Rotational grazing with cattle is done to make cattle eat the available plant material in order to avoid supplemental feeding. Rotating goats in pastures is done to control internal parasites and avoid the stresses caused by wet and overcrowding. Unless they are reduced to starvation, goats are not going to eat the coarse plant materials that cattle will eat as filler; it has no nutritional value to goats, they know it, and their bodies cannot digest it. You cannot starve the profit out of a goat.

Start small with just a few goats. Goats multiply quickly. Sexual maturity is as early as two months of age in some goat breeds, gestation is five months, and multiple births are common. Populations can double in less than one year. Your pasture/forage/browse will be depleted quickly, supplemental feeding will be necessary, and stress and worm loads will increase rapidly.

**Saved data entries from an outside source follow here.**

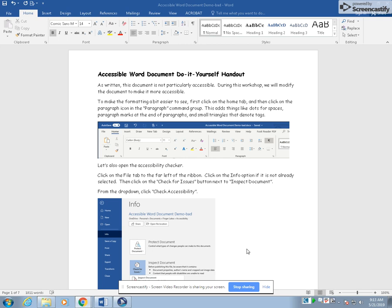First you're going to look at a document being read by JAWS. JAWS is a screen reader software for the blind or visually impaired.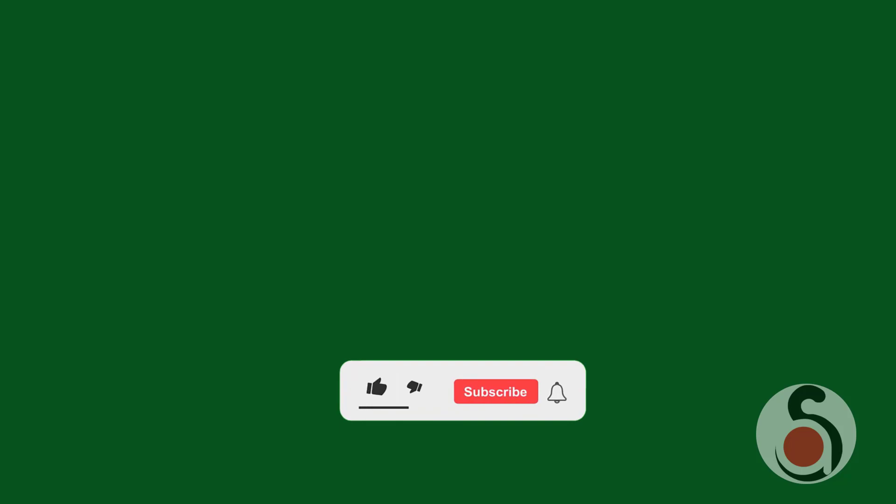I hope this video was useful for you. If it is, hit the like button on this video and if you are new to my channel, please don't forget to subscribe to receive useful content in the future. This little gesture will help me a lot, and hope to see you in the next video.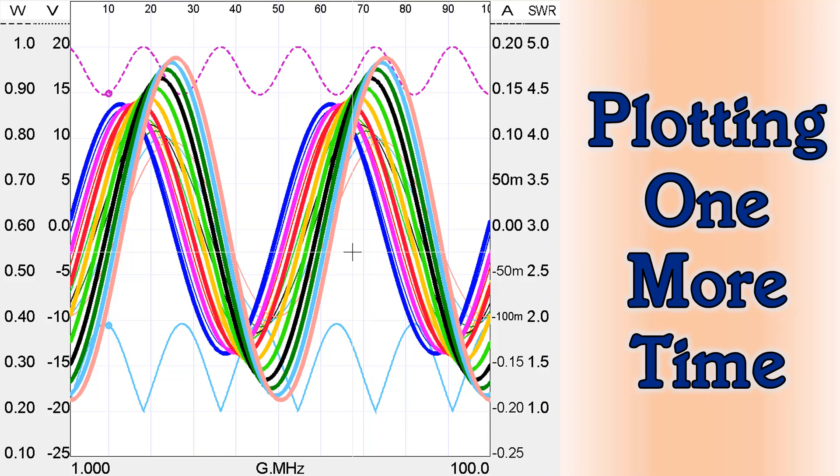Welcome back. This is Larry Banco, W0QE, and this is a refreshed video about plotting in SimSmith.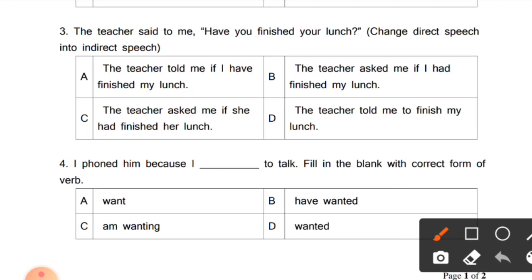There is a question mark, and the reported speech begins with a helping verb 'have' — so it is an interrogative sentence. Since the reported speech starts with a helping verb, we change 'said to' to 'asked'. The second person pronoun changes accordingly. The answer is: 'The teacher asked me if I had finished my lunch' — option B is correct.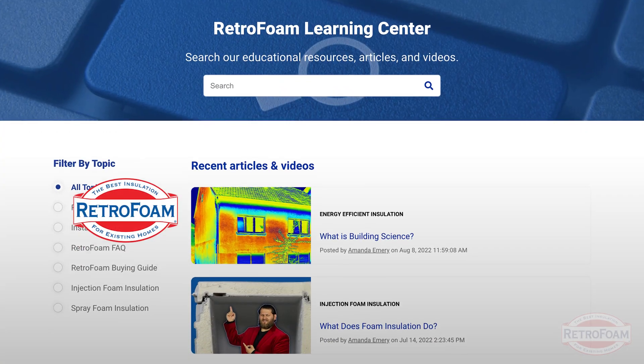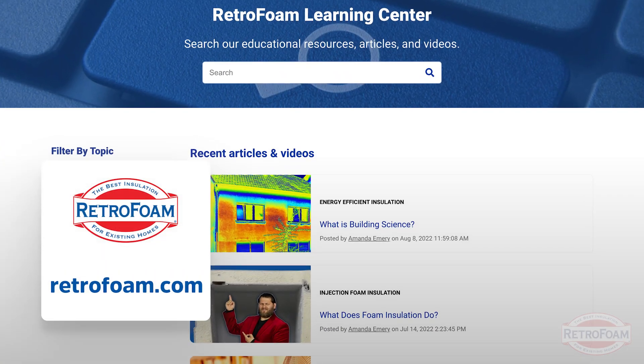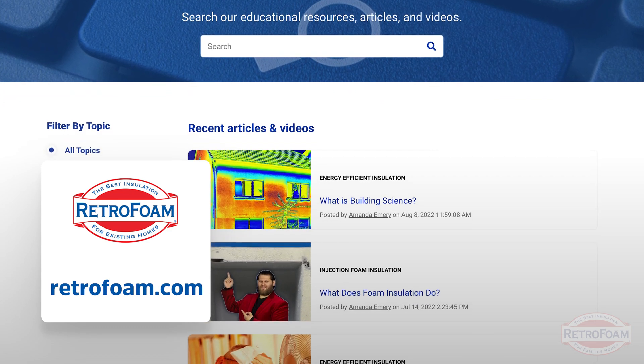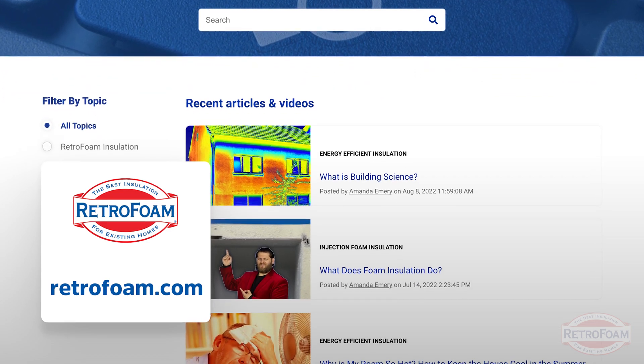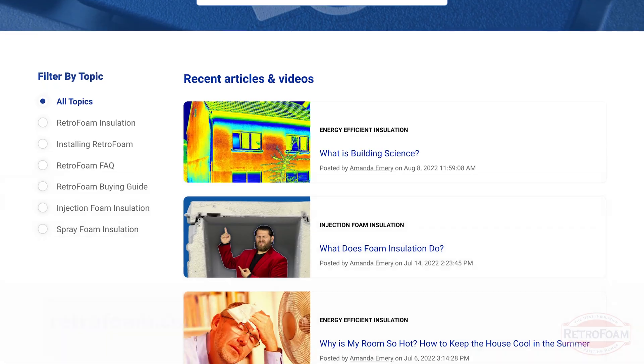We want to make sure you're educated as a homeowner when you're shopping, because R value, although important, is not the only important thing. If you want to learn more, click the link below and go to our learning center where we have articles, videos, and blogs — everything you need to know to make your home more comfortable. This is the Professor of Foam reminding you: building is a science.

Controlling worm loads is critically important to the health of your herd. Stomach worms suck the blood from goats, causing anemia and death. No goat can eat enough to overcome a heavy worm load. Worms develop resistance to dewormers faster than goats can adapt to wormloads. And you cannot deworm your way out of heavy wormloads. If you insist upon raising goats in wet and/or overcrowded conditions and if you deworm as frequently as monthly, then you are creating super worms against which no class of dewormer will work for long.

Do fecal counts every few weeks and cull those goats that cannot tolerate a moderate worm load. Realize that if goats are in overcrowded and/or wet conditions, they cannot adapt to even a moderate wormload, so you have to keep your head count in line with what your land can support and the goats can handle.

Don't anticipate the development of new classes of dewormers. It isn't likely to happen. Most dewormers and other medications that we use for goats are off-label/extra-label because the goat population isn't large enough to justify the costs involved in getting products approved for this minor species of livestock.

If you can't make these recommendations work for you, then goats probably aren't suited for your land and your climate and you will save money and goats' lives by finding a different and more suitable species to raise.